ASSIGNMENT - Of all the entries below, retype only the lines from the one with "A black fluffy" through the one with "Urocze, Poręba Spytkowska", exactly as they appear.

DATA TO PROCESS -
^^^^
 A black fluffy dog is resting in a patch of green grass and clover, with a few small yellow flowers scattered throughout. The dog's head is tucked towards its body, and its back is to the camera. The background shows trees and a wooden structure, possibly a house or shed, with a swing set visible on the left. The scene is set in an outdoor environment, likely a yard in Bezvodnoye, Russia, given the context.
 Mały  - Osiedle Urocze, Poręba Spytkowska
^^^^
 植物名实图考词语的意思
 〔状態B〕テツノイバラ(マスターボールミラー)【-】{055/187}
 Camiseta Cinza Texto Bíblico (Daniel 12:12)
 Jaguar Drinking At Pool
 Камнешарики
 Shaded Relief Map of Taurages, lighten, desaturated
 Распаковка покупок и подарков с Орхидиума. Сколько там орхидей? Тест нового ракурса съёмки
^^^^
EXERCISE RESPONSE -
 A black fluffy dog is resting in a patch of green grass and clover, with a few small yellow flowers scattered throughout. The dog's head is tucked towards its body, and its back is to the camera. The background shows trees and a wooden structure, possibly a house or shed, with a swing set visible on the left. The scene is set in an outdoor environment, likely a yard in Bezvodnoye, Russia, given the context.
 Mały  - Osiedle Urocze, Poręba Spytkowska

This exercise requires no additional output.